It’s like I’m “peeping” on sex rather than directly having sex firsthand, and this loophole has a strong pull on me.
Does that make sense?
I’m still uncovering the patterns and desires with this level, but I also feel the virtual hookup lifestyle is one in which intimacy is conveniently short-circuited. Why be vulnerable with a friend or a community when I can just get off with a stranger online? It’s “vulnerability” in another sense — though never a vulnerability that lasts. Never a vulnerability that sustains.
If the “fix” to my homosexuality is authentic interactions with men, if the “fix” to my isolation and envy is to participate and not spectate, then how do I overcome the pattern of virtual hookups? This false intimacy?
I suppose the answer is the pursuit of real intimacy.
And, well — that sucks. I hate real intimacy.

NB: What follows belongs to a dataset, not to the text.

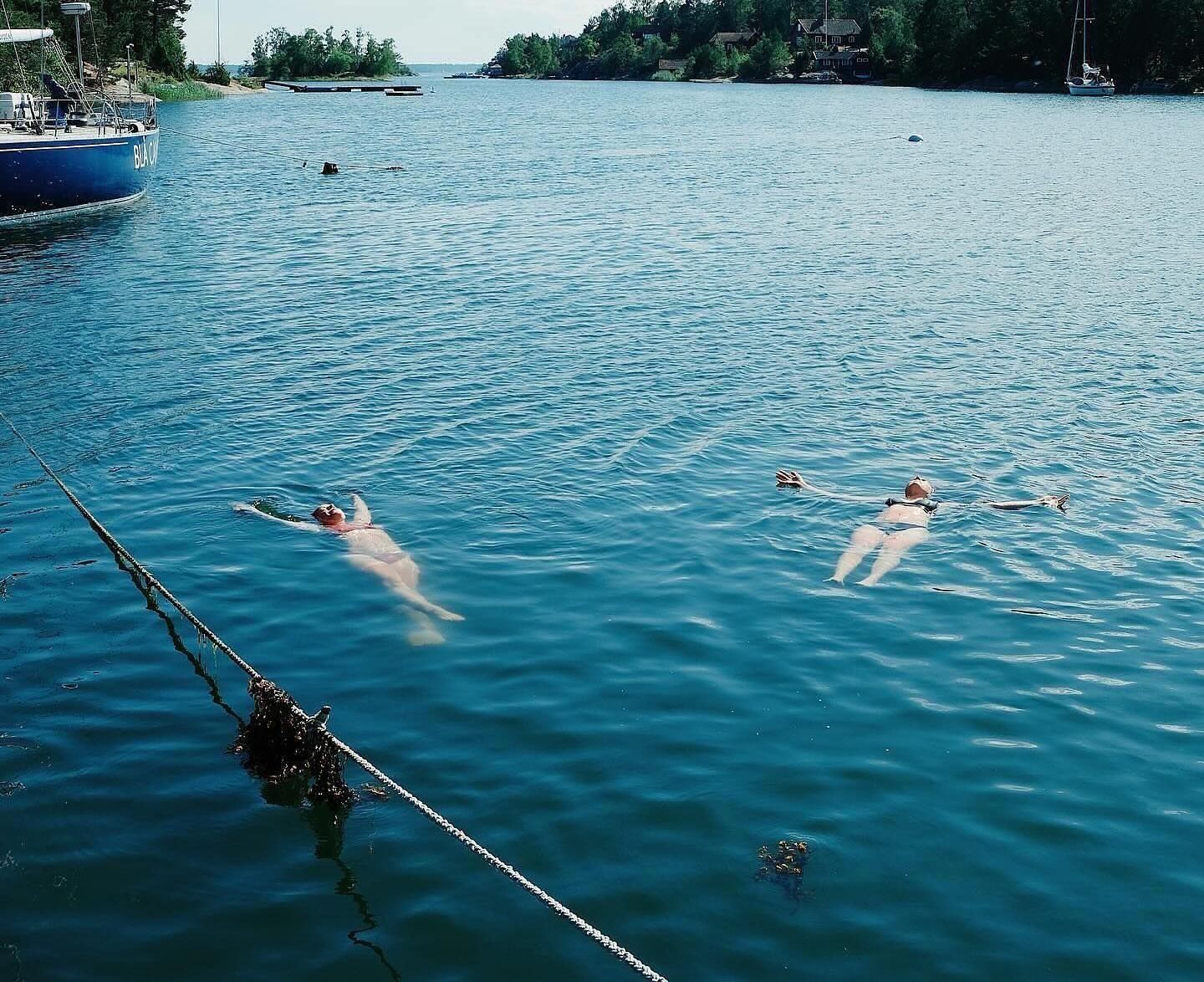 Two people are swimming in the water near a boat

Or, rather, I’ve been wounded after experiencing real intimacy. I’ve gotten really, really close with men, both gay and straight, only for them to leave me, or for some conflict to erupt in which I desperately leave them.
When you experience genuine intimacy with someone, only for that intimacy to be ripped away, the pain is searing. It makes you wonder why you ever bothered to open up yourself.
It certainly makes you wonder why you’d ever bother to open up yourself again.
False intimacy is way easier to find on the internet than true intimacy in real life. Fake vulnerability is a far quicker fix than authentic vulnerability.
But at what cost? For how long?
My journey toward healing in this particular area of sexual brokenness feels like a longer haul. I must learn to trade out the wrong intimacy, again and again and again, for the right sort. I feel as if this will take many, many years.
But I do want to heal. I do want to grow. I do want to reopen my heart, despite knowing all too well that this reopening will leave me greatly exposed.
God go with me. And God go with you, too.
How have you considered the patterns of your sexual brokenness? Where have you found positive alternatives to your sexual proclivities?
Wow! This post resonated with me! Like you, I’ve struggled with many of the same attractions and habits. Parts of your post felt like you had watched my childhood through my eyes.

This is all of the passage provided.